This is the first time that I have been back to Paradise in the Vault this year and the brothel which faces the venue has been since turned into a youth hostel. It is hard not to picture desperate-looking men bursting into the backpackers’ rooms in the dead of night, and a whole world of misunderstandings and recriminations.
“The Noctambulist,” a play which also features nocturnal adventures, is written by Joe Skelton and it has arrived from Durham University. It seems very fresh and original, but there is a definite familiarity beneath it all. “The Noctambulist” is one of several plays that I have seen over recent years which somehow gives the sense of horseplay during a funeral. These plays are often produced by students, although Ella Hickson’s “Boys” is a model specimen from the mainstream. There is always lots of good, playful messing about, but this cannot compete with the sadness. The funeral is that of a generation of students who are over-educated and underemployed, consigned to a future of cuts and shortages.

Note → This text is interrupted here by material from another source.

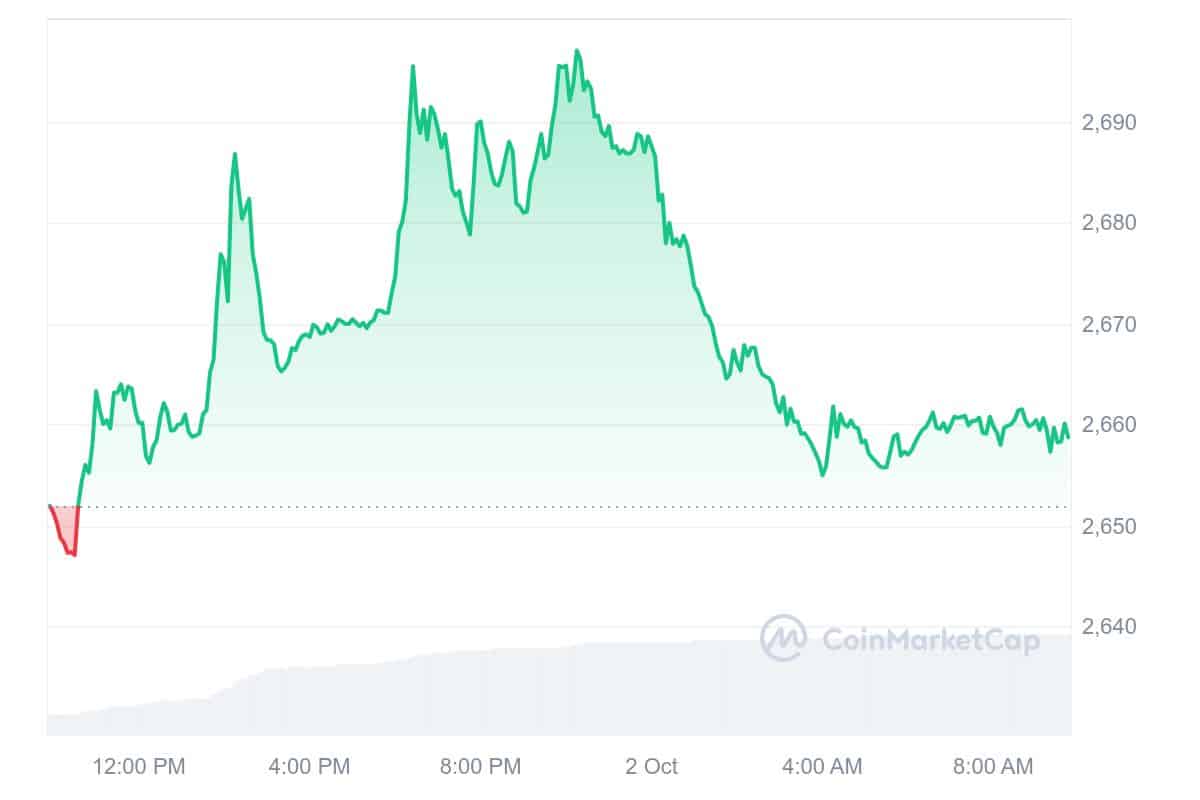 PAX Gold Price Chart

The strength of “The Noctambulist” is that this interpretation has been placed within easy reach but that we are still allowed to reject it. Alexander Drury plays Albert, a layabout who doesn’t want to sign on to Jobseeker’s Allowance and be packed off to work. With no place of his own, he is staying with his old friend Bryan (Theo Harrison) and Bryan’s girlfriend Sarah (Lily Morgan). Albert is supposedly designing a graphic novel, whilst his flatmates are slaving away at more prosaic jobs to put food on the table. Sarah periodically makes bloodcurdling and sometimes quite convincing threats to kick him out. The question for us is whether Albert has been unfairly left behind by a careless society, or whether he should take responsibility for himself.

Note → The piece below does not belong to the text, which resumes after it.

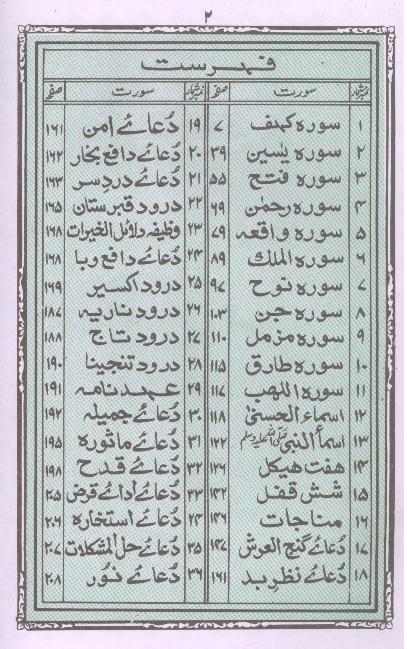 Panj Surah Shareef 29A  | 29 پنجسورہ شریف مجلد حوالہ نمبر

The building blocks of this play might not be made of concrete. We might wonder why Albert has only one friend and no family; or why somebody as canny as Sarah ever okayed him to stay in her home. Yet once we are in the surface of this play, the observational writing is first-rate. Although the classic flatsharing disaster is a story that you hear at every student party, Skelton brings us a truly magnificent example.

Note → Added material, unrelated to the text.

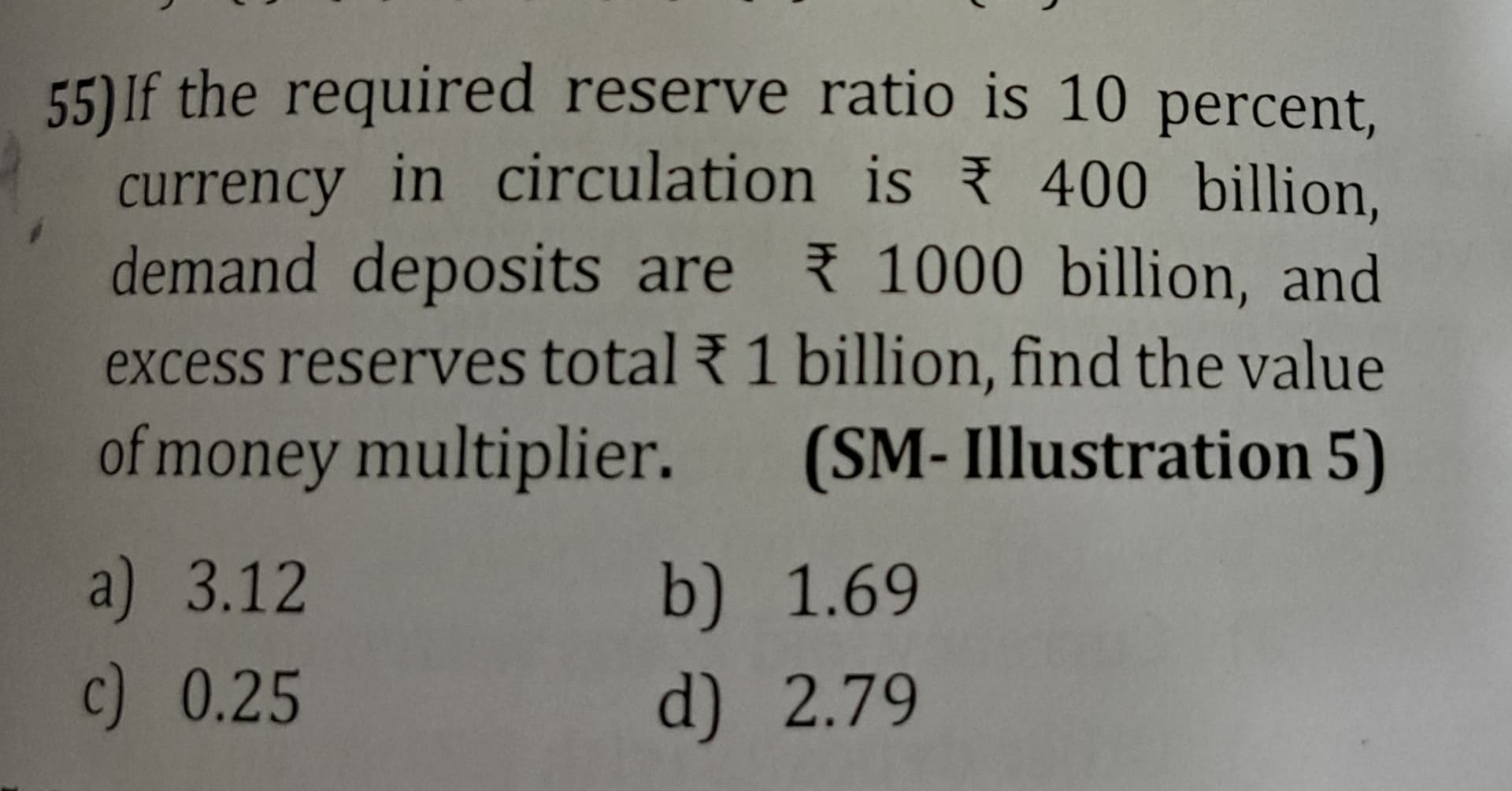 Image attached to the doubt: Can anyone explain this sum?...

Albert is oblivious to the daily awkwardness of living in somebody else’s love nest. There is nonetheless an implication that Bryan is only using Albert to try to preserve a side of his own personality which will have to be ultimately destroyed if he is going to be in a relationship. When discussing Albert’s sleepwalking, he hits on the metaphor of the whale, which has (he says) two completely separate minds. Bryan may like to have sly fun when he is chuckling over his breakfast cereal, but he has traded the remaining 99% of his life and freedom, or a whale of a time, for his girlfriend. The play is misogynistic in this rather wistful way – Sarah, the serious woman, is undoubtedly right, but if only she was not so.
Another thing to comment on is a very fine, somewhat itchy horror element which is sustained throughout the play. The reports of Albert’s sleepwalking and a tall tale about his encounter with a druid add a mild air of mystery, which is at times nicely chilling.
The play would have been much more difficult for us if Albert had been conventionally inadequate or slobbish, so that we were repulsed by his character. Drury’s Albert is recognisably infuriating, but he is also charming and likeable. He smiles with immense satisfaction every time he blinks, or gapes in mocking stupefaction with his mouth hanging open. He is as restless as a chimpanzee and he invariably ends up capering around the stage, with his rolling chimp walk. There is essentially no harm in him and by the end of the story we may still indulge some idea of his artistic genius. If only he was capable of organising it, this play would have a happy ending.